Wednesday, 27 April 2011

Hedonic pleasure in the city

Middle Island, Repulse Bay on Hong Kong Island.
The weather is mild and the invite changed from Causeway Bay to the Middle Island between Deep Water and Repulse Bay. This is on the southern side of Hong Kong Island. A beautiful seaside path leads to the stone jetty where a sampan ferry takes members of the RHKYC across to the club house from where members sail small dinghies, row and receive sail training. It also has a modernist clubhouse with a bar and BBQ terrace. Trays of raw prawns, scallops, steak, sausages, chicken and vegetables are put out for barbequing. Two hefty lads with beers in their hands looked sceptically at the two girls who were circling closer to the fire to do the meat and seafood that required some clever timings from the cooks to be ready at the same time. Well, it was quite delicious, and has broken the silent iron rule that it is 'men's territory'....I got the nod from my better half. This of course means that men will have to help with the prepping in the kitchen beforehand. (Why do I take notice of this outdated behaviour that has transcended time and space?)

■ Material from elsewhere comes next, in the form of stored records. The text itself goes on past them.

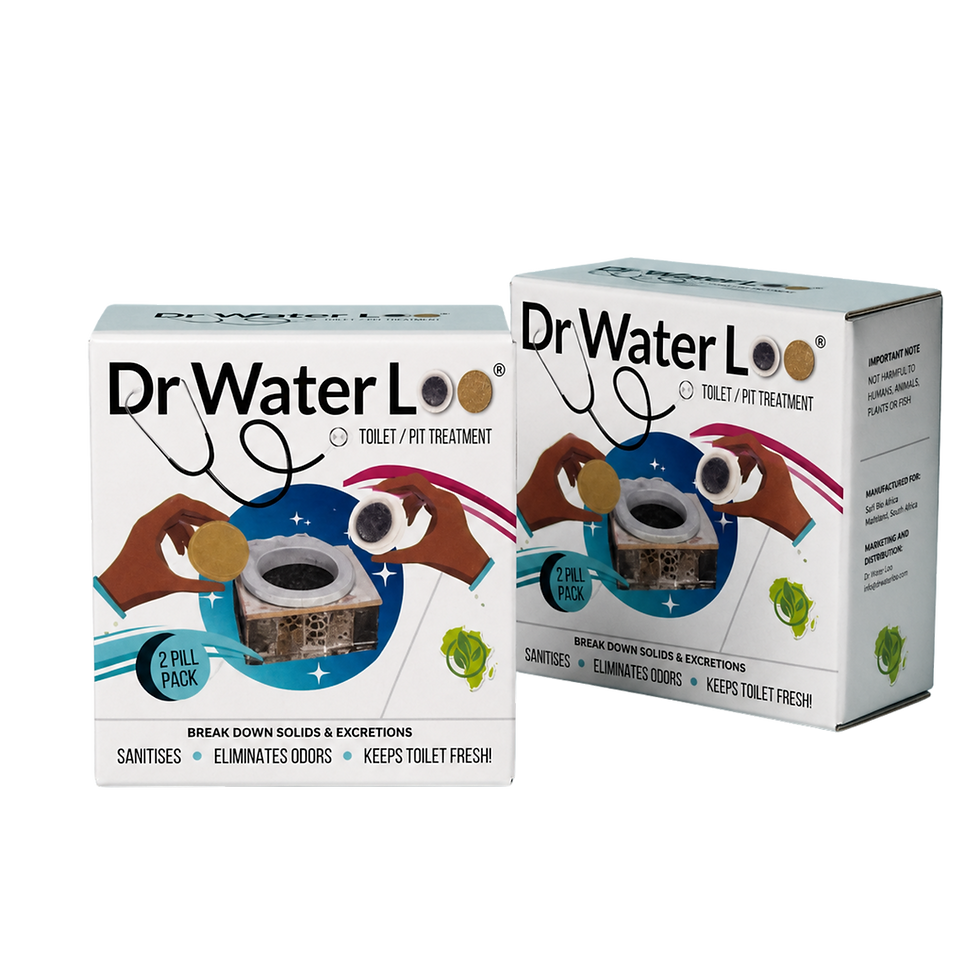 Logotipo del tratamiento Dr Water Loo para letrinas de pozo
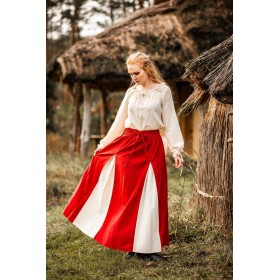Mittelalter Rock "Isabella" Rot/Natur S/M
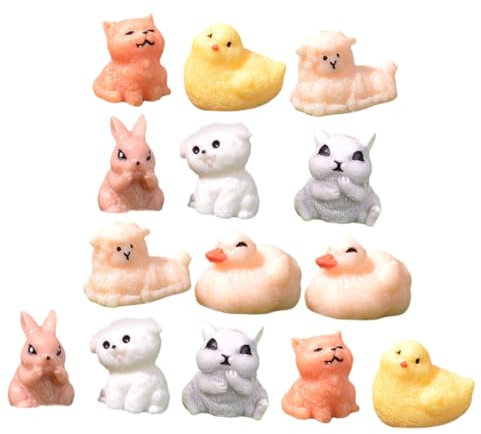 ifundom Kleiner Tierfiguren Aus Kunstharz 14 Stück Robuste Miniatur Tierminiaturen Für Gartenlandschaft Puppenhausdekoration Und Selbstgemacht Mikro Landschaft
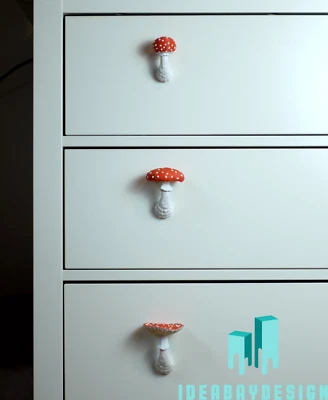 Fliegenpilz Schubladengriff - verspielte Möbelgriffe im Märchenwald-Stil - Bild 1 von 4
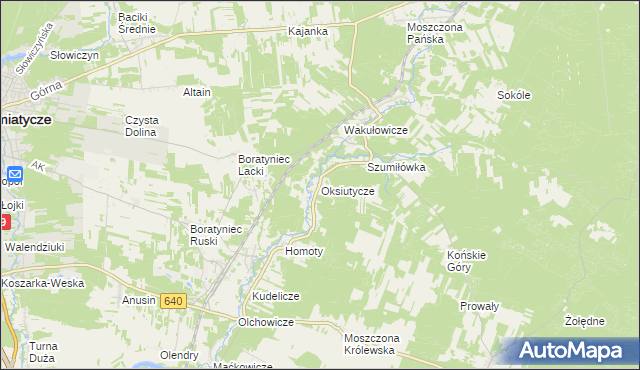 mapa Oksiutycze, Oksiutycze na mapie Targeo
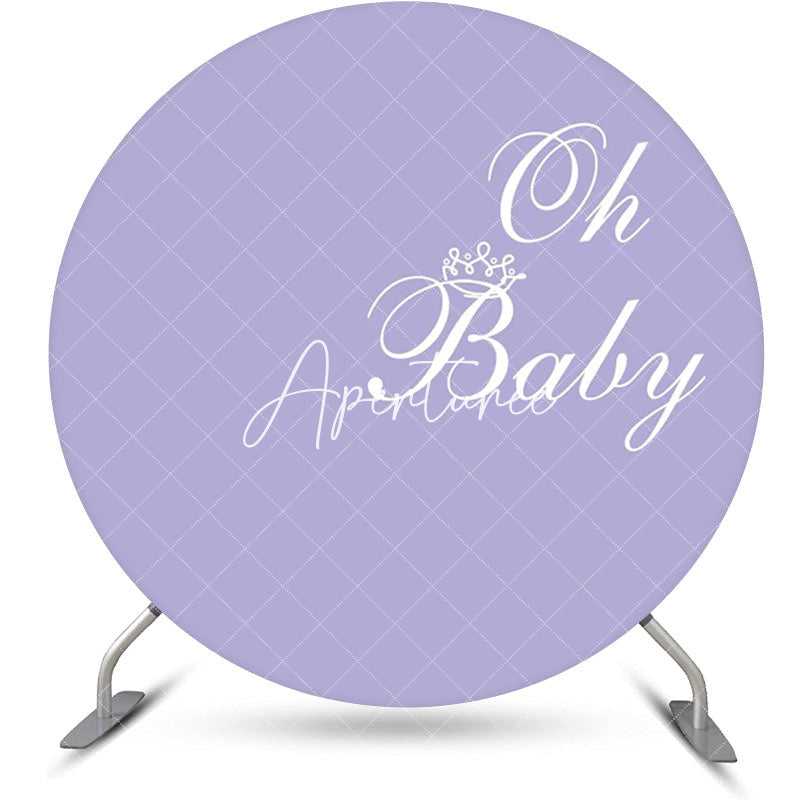 Aperturee - Purple White Oh Baby Round Gender Reveal Backdrop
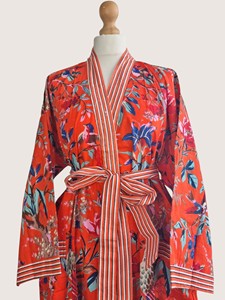 Bata Larga Estampada Floral para Mujer, Manga Larga, Cuello en V, 100% Poliéster, Suave, Informal, para Primavera, con Cierre de Cordón - Product Image 4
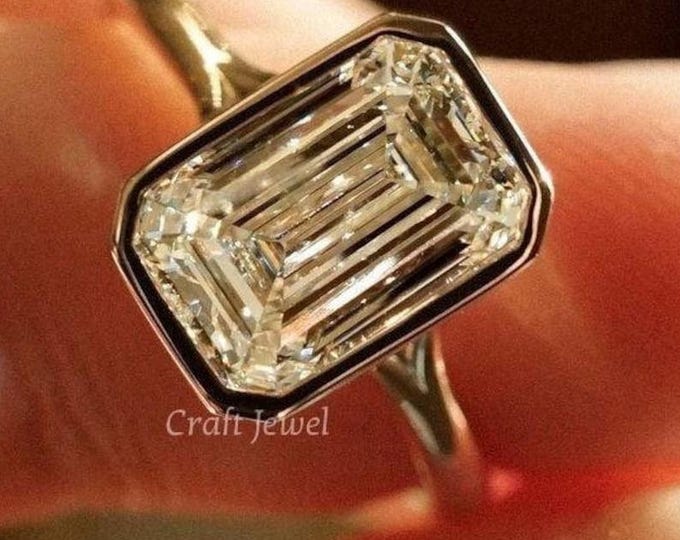 3 Carat G-VVS2 Emerald Cut Lab Grown Diamond Engagement Ring, Solitaire Bezel Set Wedding Ring, Stylish Split Shank Rings for Women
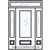Aberdeen 6-8 Full Lite Single, 2 Sidelights and a Rectangular Transom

Red taxi from Deep Water Bay to Central
If the evening on Middle Island was magical, so was the trip back home in the most elaborate taxi....complete with cut glass vase and frilly pink carnations edged in red and a telly pumping out Canto-pop (remarkably close to French pop ballads).

The hedonic pleasure of views are carefully calculated in Hong Kong. Double aspect views of  the mountain and sea are noted and each vertical floor climb commands a rise in rent or purchase price. Where buildings obstruct the sea, it is termed as an 'open view'. So, the views are assessed on three axes....the proximity of surrounding buildings, the vertical height of the window or balcony view, and the horizontal positioning along the building. My preoccupation with space, location and views in the city is a result of our recent flat-hunting in Hong Kong. Now if London real estate was a humbling exercise, this is a shattering one as the market is inflated, the prices high, and stock at a premium. Unrenovated properties translates into property speak as 'original'. We are putting in an offer on an old (1962) colonial property next to the Bowen contour road - great for walking and running. Now let's see if everything goes according to plan.